One of the light-keepers, after a residence of fourteen years on the rock, became so much attached to the place, that for two summers he gave up his turn of going on shore to his companions, and declared his intention of doing so on the third; but being over-persuaded he went on shore to take his month's turn. At the lighthouse he had always been a decent, sober, well-behaved man; but he had no sooner got on shore than he went to an alehouse and became intoxicated. This he continued the whole of his stay; which being noticed, he was carried in an intoxicated state on board the Eddystone boat and delivered in the lighthouse, where he was expected to grow sober; but after lingering for two or three days, he expired. Vacancies, however, seldom occurred in the lighthouse. Smeaton mentions several men who had served there to his knowledge ten, fifteen, or twenty years.
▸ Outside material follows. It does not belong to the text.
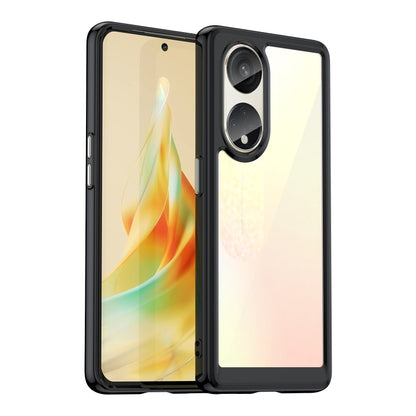 Transparent black phone case with glossy black frame, dual camera cutouts and raised lip
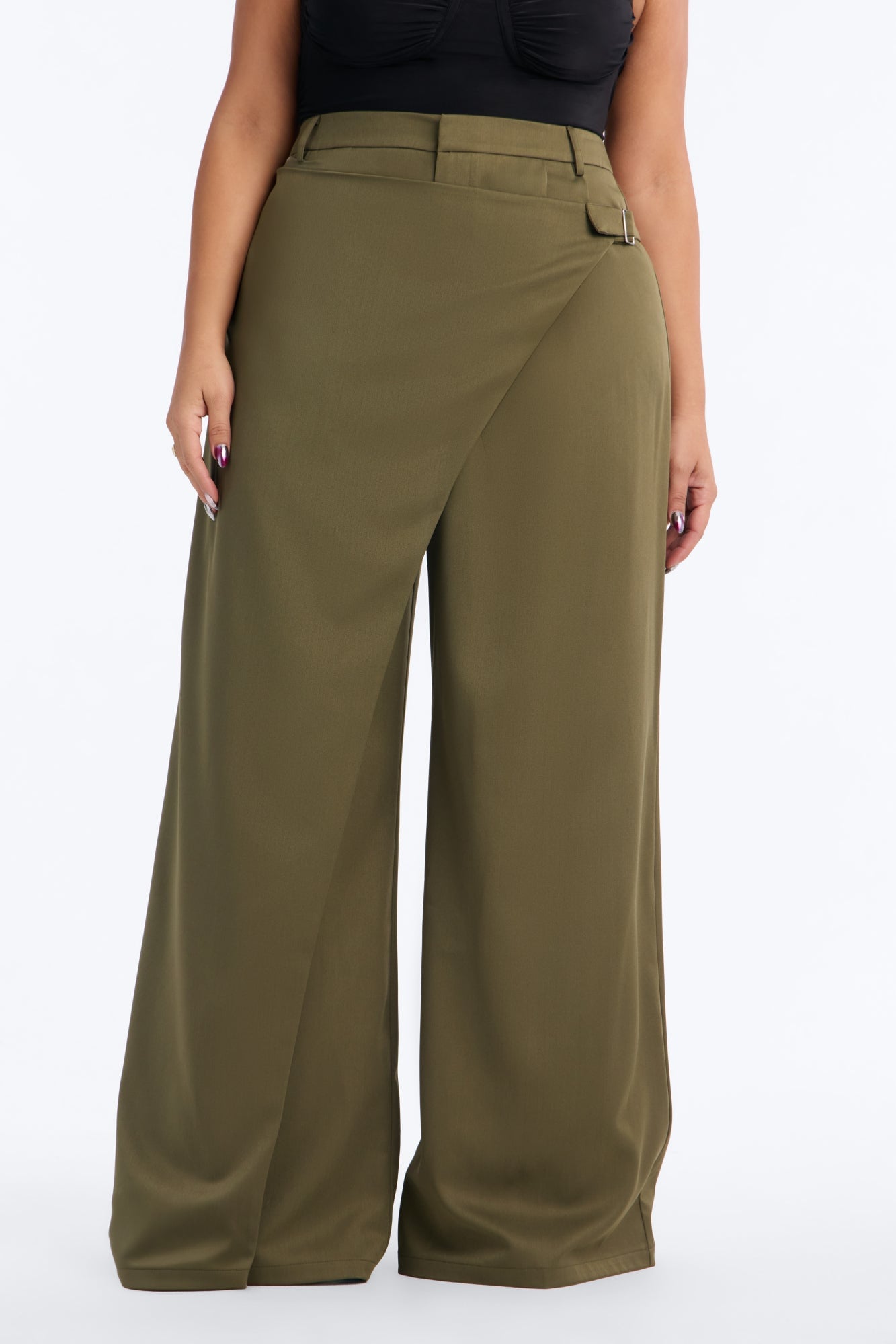Tailored Touch Wrap Front Trouser 33″ - Olive image 2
Having thus conducted our readers to the close of Smeaton's arduous undertaking, and noticed its complete success, we may proceed to describe the more remarkable lighthouses erected in other portions of the kingdom subsequent to the labours of this celebrated engineer.



CHAPTER VI.

THE NORTHERN LIGHTHOUSES.

Importance of Lighting the Scottish Coast—Formation of Board of Commissioners of Northern Lighthouses—Early Proceedings of the Board—Principal Northern Lighthouses—The Isle of May Lighthouse—Loss of two Frigates—Application of the Admiralty to the Lighthouse Board, by whom the Duties and the Island of May are purchased—Numerous Shipwrecks on the Island of Sanday—Foundation-stone of Start-Point Lighthouse laid—Rev. W. Traill's Address upon the occasion—Subsequent Proceedings on Sanday Island—North Ronaldsay Lighthouse—Melancholy Accident—Importance of the Northern Lighthouses.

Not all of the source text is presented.